HC Commodities Podcast on Liquid Fuels & Chemicals industry
Category: Podcast

The State of Oil with Homayoun Falakshahi

As we begin to wrap up the year, we return to the crude markets. What has been oil’s journey in the latter half of 2025? What has all this meant for trader performances after a challenging first half? What is the outlook for 2026 in prices and volatility? 

Speaking to our host Paul Chapman on this episode is Homayoun Falakshahi, Head of Crude Oil Analytics at Kpler, a data and analytics firm for the commodity markets. 

Read below for our key talent impacts from this episode.

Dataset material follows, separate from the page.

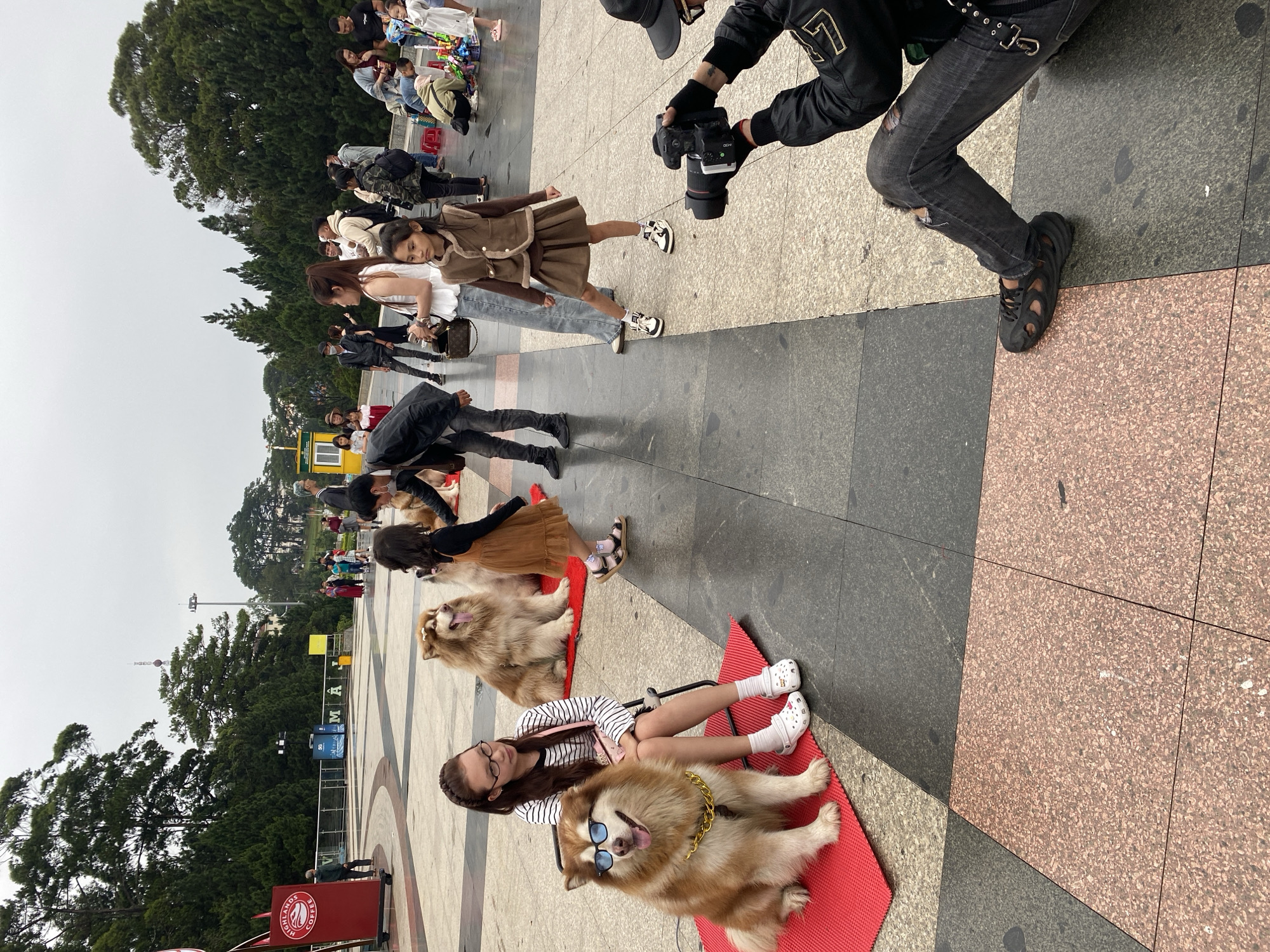 The image depicts a scene in Da Lat, Vietnam. A line of dogs and their owners are posed on red mats on a patterned plaza. The first dog wears sunglasses and a gold chain, and a girl in glasses sits behind it on a small stool. Further down the line, other dogs are similarly positioned with children. People are positioned in front of the dogs, presumably to take photographs. A photographer with a camera is positioned on the right edge of the frame. People walking along the plaza fill the background. Trees and other city structures are in the distance, suggesting the scene is in a public area.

Homayoun Falakshahi, Head of Crude Oil Analytics at Kpler
Homayoun Falakshahi, Head of Crude Oil Analytics at Kpler

Key Talent Impacts

Is there greater demand for geopolitical literacy and risk-aware commercial judgement in the energy and commodities sector?

With oversupply colliding with persistent geopolitical instability across Russia, Ukraine, Iran, Venezuela and the Middle East, organisations increasingly need people who can interpret political signals, sanctions exposure and state behaviour. Traders, analysts and commercial leaders who link geopolitical events to market positioning are becoming central to performance in global energy markets and crude trading.

Are specialists in crude quality, refining systems and grade imbalances becoming more valuable for oil and energy employers?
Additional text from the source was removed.